▽

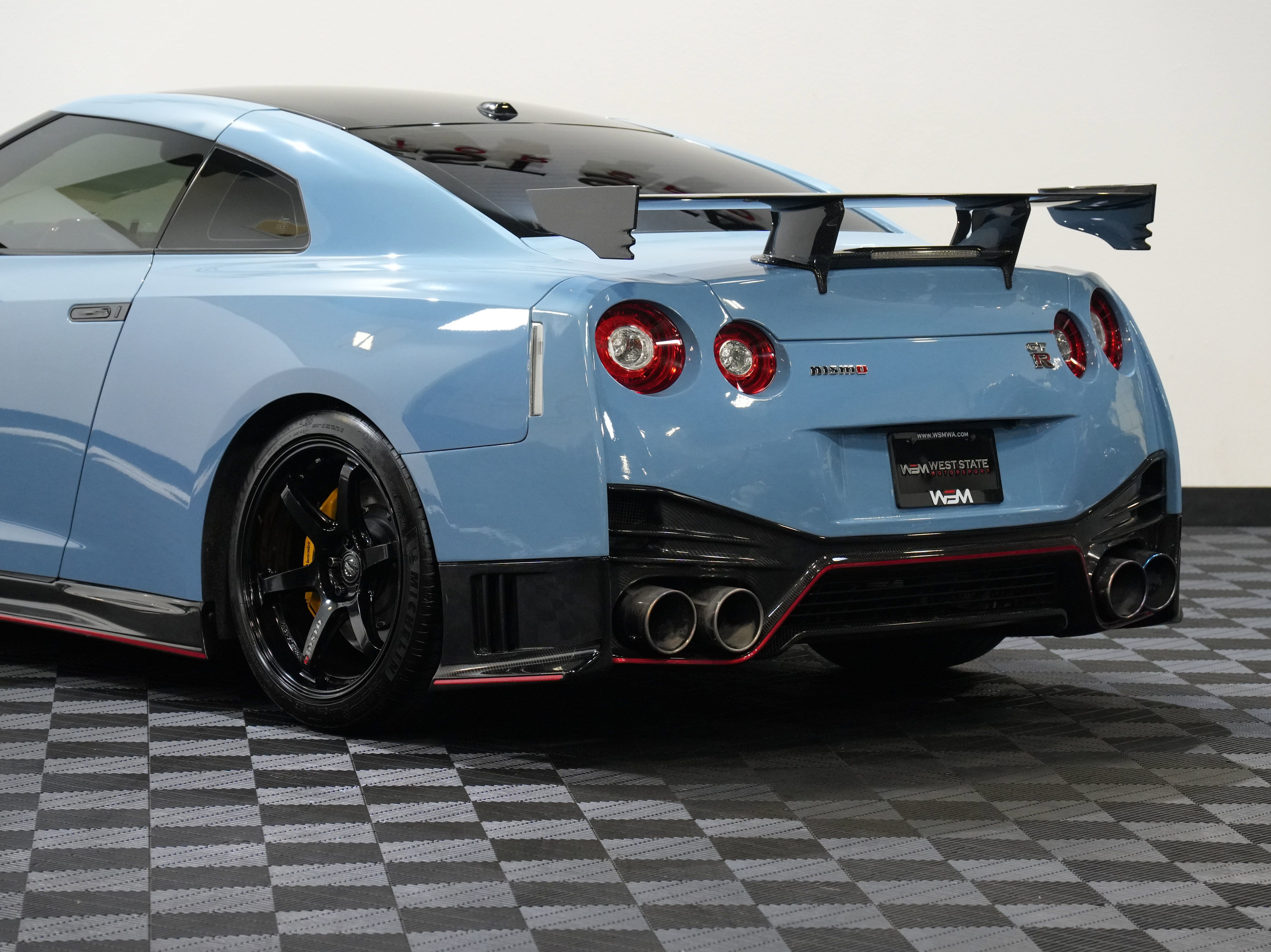 Used 2017 Nissan GT-R NISMO AWD/4WD image 18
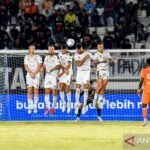 Persija lewat Yogyakarta karena terdampak abu vulkanik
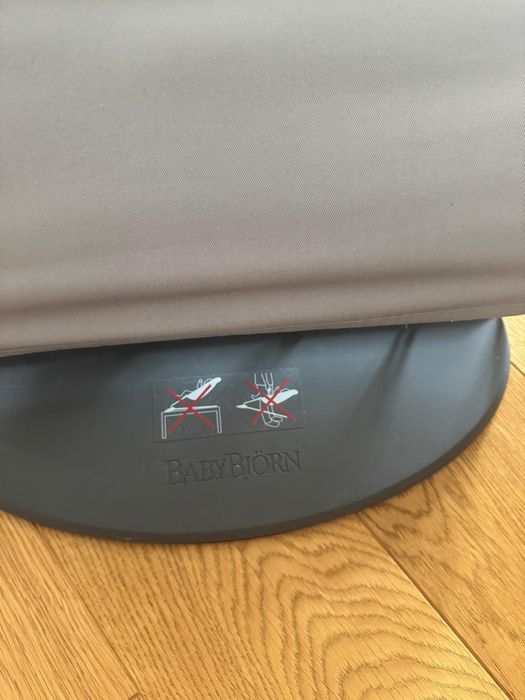Bujaczek Babybjorn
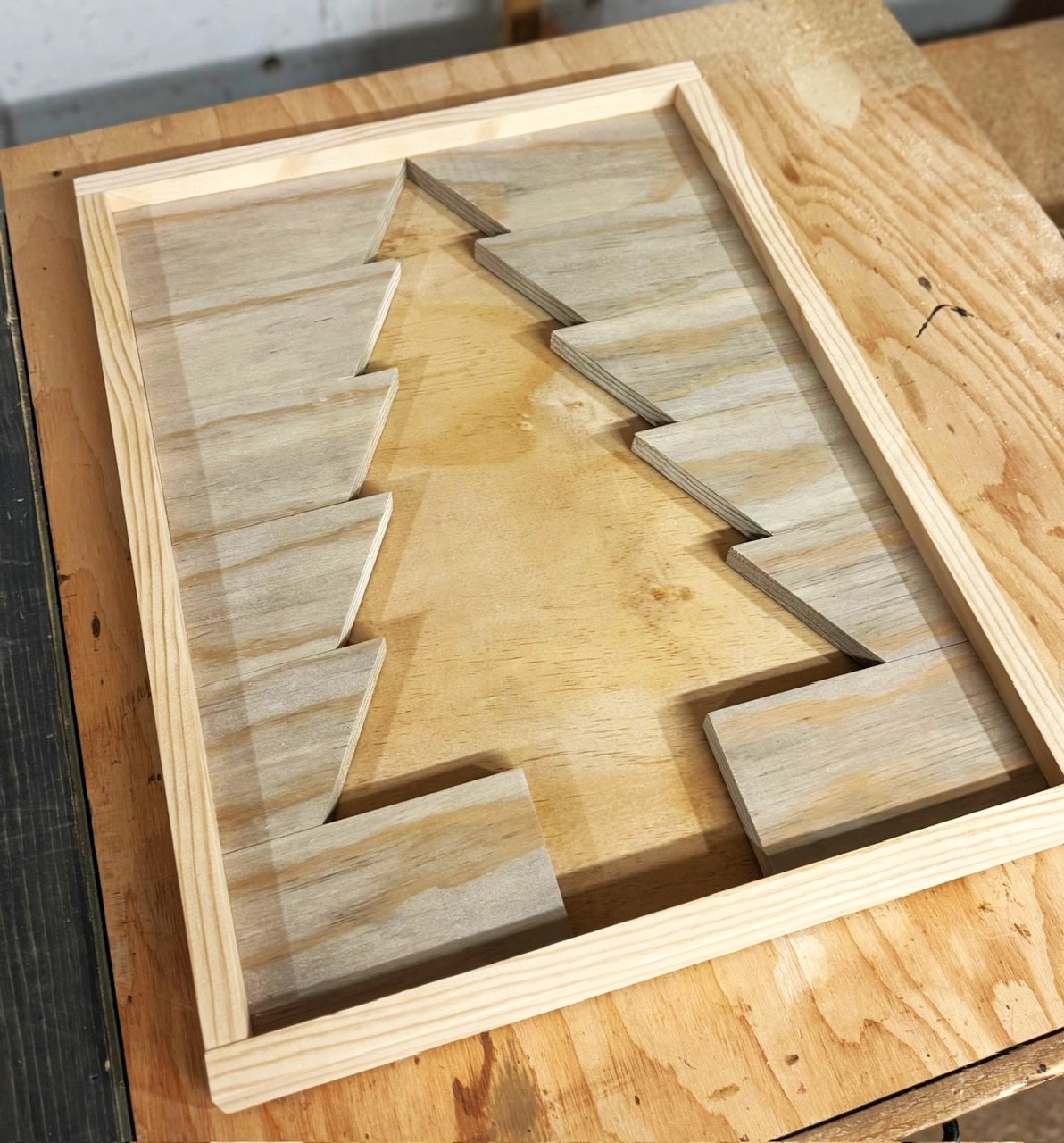 easy 1x4 christmas tree tray – free diy plans 24 finish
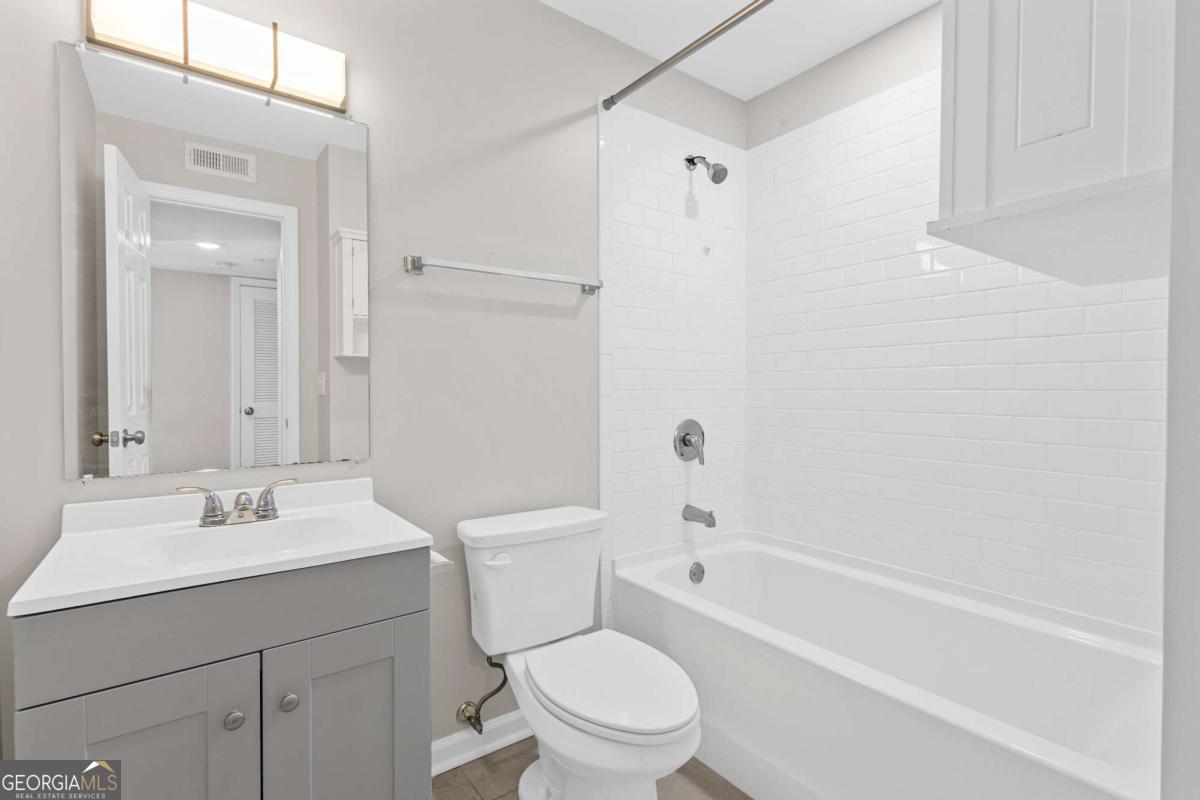 1166 Booth Road Southwest, Unit 407 Marietta, GA 30008 - Photo 16 of 18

△

> PROBLEM REQUIREMENTS:
The material above should be printed again exactly, with each picture left out.

> TASK SOLUTION:
 Used 2017 Nissan GT-R NISMO AWD/4WD image 18
 Persija lewat Yogyakarta karena terdampak abu vulkanik
Bujaczek Babybjorn
 easy 1x4 christmas tree tray – free diy plans 24 finish
 1166 Booth Road Southwest, Unit 407 Marietta, GA 30008 - Photo 16 of 18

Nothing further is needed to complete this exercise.